Government Takover of Fannie, Freddie Hasn’t Worked

It’s a subject we’ve covered with some gusto in recent weeks here at HW — due in no small part to my own personal loss on Freddie Mac’s common stock — but it’s clear that the government’s rationale for taking over both GSEs has been anything but successful so far. This morning’s WaPo takes a good look at some of the same issues we’ve already covered, but are worth hammering home again:

Backed by taxpayers, the mortgage finance giants have spent billions in an attempt to push down loan rates and make it easier for people to borrow money to buy homes. But mortgage rates have gone up. The Treasury Department has also started buying $10 billion in mortgage bonds issued by the companies, with the ultimate goal of ensuring that mortgage lenders have a ready stream of money to lend. But the effort has been offset by a global sell-off of these bonds.

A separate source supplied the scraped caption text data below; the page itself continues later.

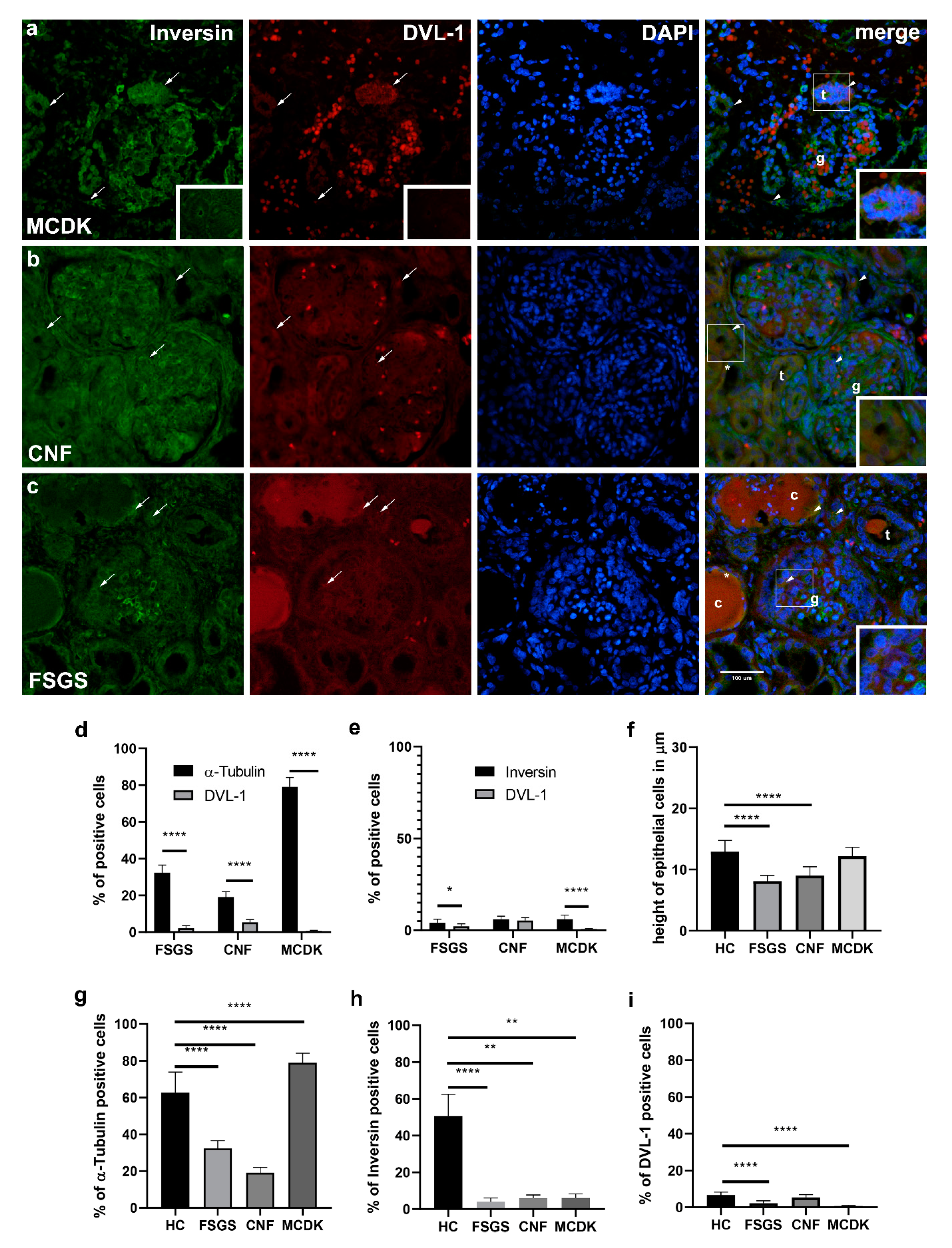 Ijms Free Full Text Expression Pattern Of A Tubulin Inversin And Its Target Dishevelled 1 And Morphology Of Primary Cilia In Normal Human Kidney Development And Diseases Html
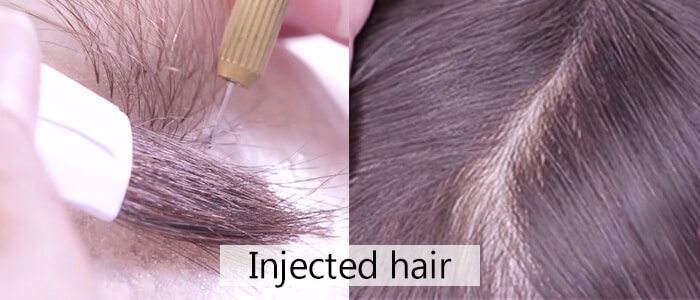 Know All About 'Return Hair' on Hair Replacement Systems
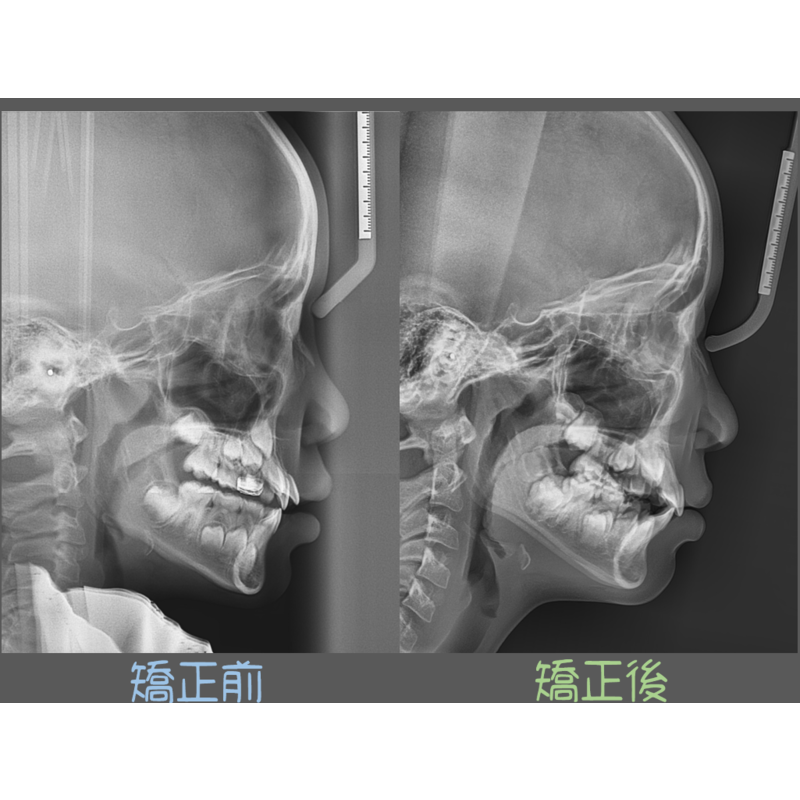 Case Five Invisalign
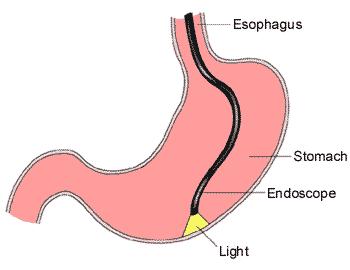 Με την ενδοσκόπηση εχουμε την δυνατότητα να δούμε το ανώτερο πεπτικό μεχρι την 4η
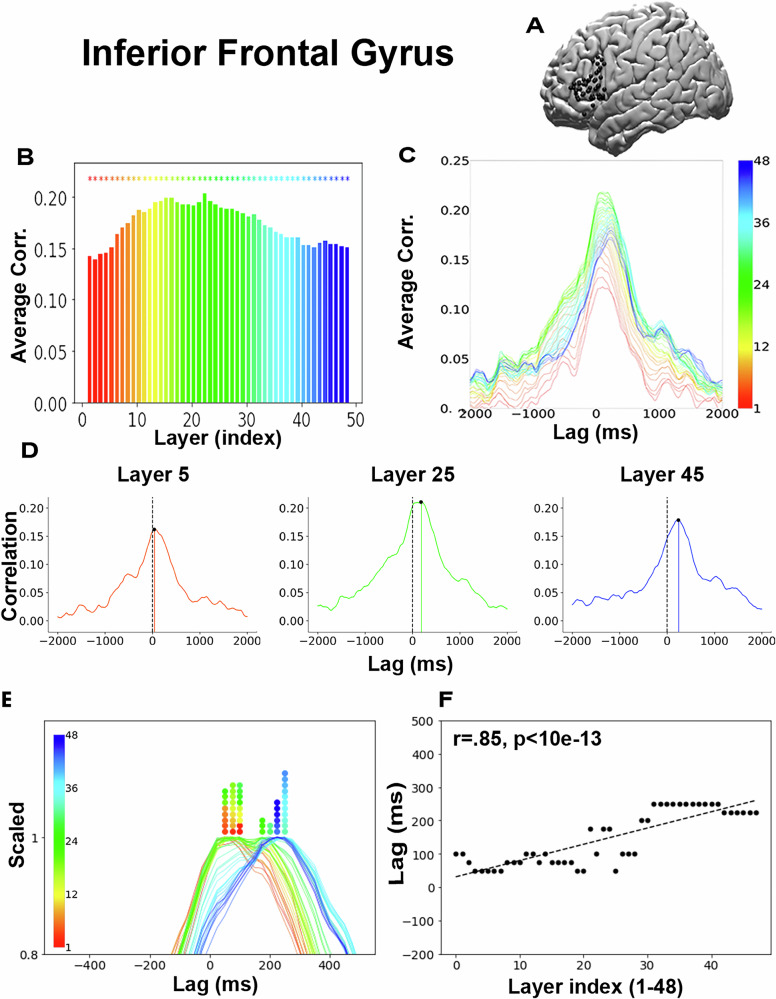Secuencia temporal del pensamiento. Los paneles muestran que las capas simples de la IA (rojo) predicen la actividad cerebral inmediata, mientras que las capas profundas (azul) coinciden con el procesamiento tardío, demostrando que entender requiere tiempo. | Créditos: Nature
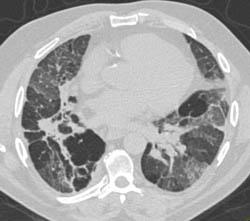 Interstitial Fibrosis Due to Sarcoidosis - CTisus CT Scan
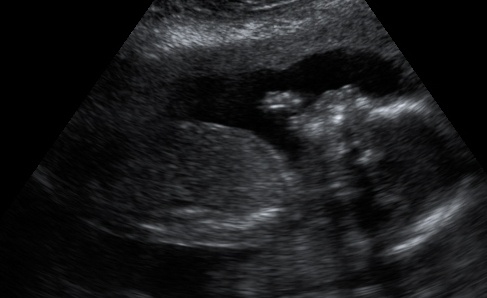 Josiah in the Womb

The WaPo’s Zachary Goldfarb clearly had the good sense to speak with Jim Vogel, perhaps my favorite financial analyst in any market, about what’s been taking place with the GSEs. The message is one that every investor and mortgage market participant should be paying attention to:

To increase their portfolios, the companies borrow money. The problem is that they have been able to borrow only at higher rates because of investor anxieties over the credit markets generally and the fate of the companies specifically. This in turn has constrained their ability to borrow. The companies will issue $16.3 billion in debt this month, compared with $32.7 billion last month, according to Jim Vogel, an analyst at FTN Financial Capital Markets. That’s the lowest level in at least eight years. With borrowing costs so high, Vogel said, the companies may no longer be earning enough from mortgage investments to cover their costs. That means Fannie Mae and Freddie Mac may find it more difficult to fund themselves. “The market doesn’t want to buy the debt of a gigantic financial institution that’s funding its assets at a loss, regardless of how the U.S. government may or may not be standing behind them,” he said. [emphasis added]

Which leads us back to the government, again. Why did they take these companies over, again? Perhaps the most disingenuous remarks I’ve seen yet about the takeover are coming from FHFA director James Lockhart (and I’m sure I’m not going to make any friends with the press folks over at the FHFA for saying that). Immediately after the government siezed both companies, he argued that the GSEs’ “ability to fulfill their mission has deteriorated” and said that “the capacity of their capital to absorb further losses while supporting new business activity is in doubt.” Yet today we find him in the WaPo saying the following:

“The key thing to me is that Fannie and Freddie can and are continuing to fund themselves,” he [Lockhart] said. “I think there will be ups and downs. Over the long term, we’re very hopeful that Fannie and Freddie can continue to supply the liquidity to the housing market.”

The thing is, Fannie and Freddie can and would have continued to fund themselves without government intervention. I can’t say this enough. So remind me again why investors needed to be wiped out? Sure, I’m bitter about losing a good chunk of my investment, but I think it’s a fair question for any taxpayer that’s now “effectively” guaranteeing the debt and mortgages held by the GSEs.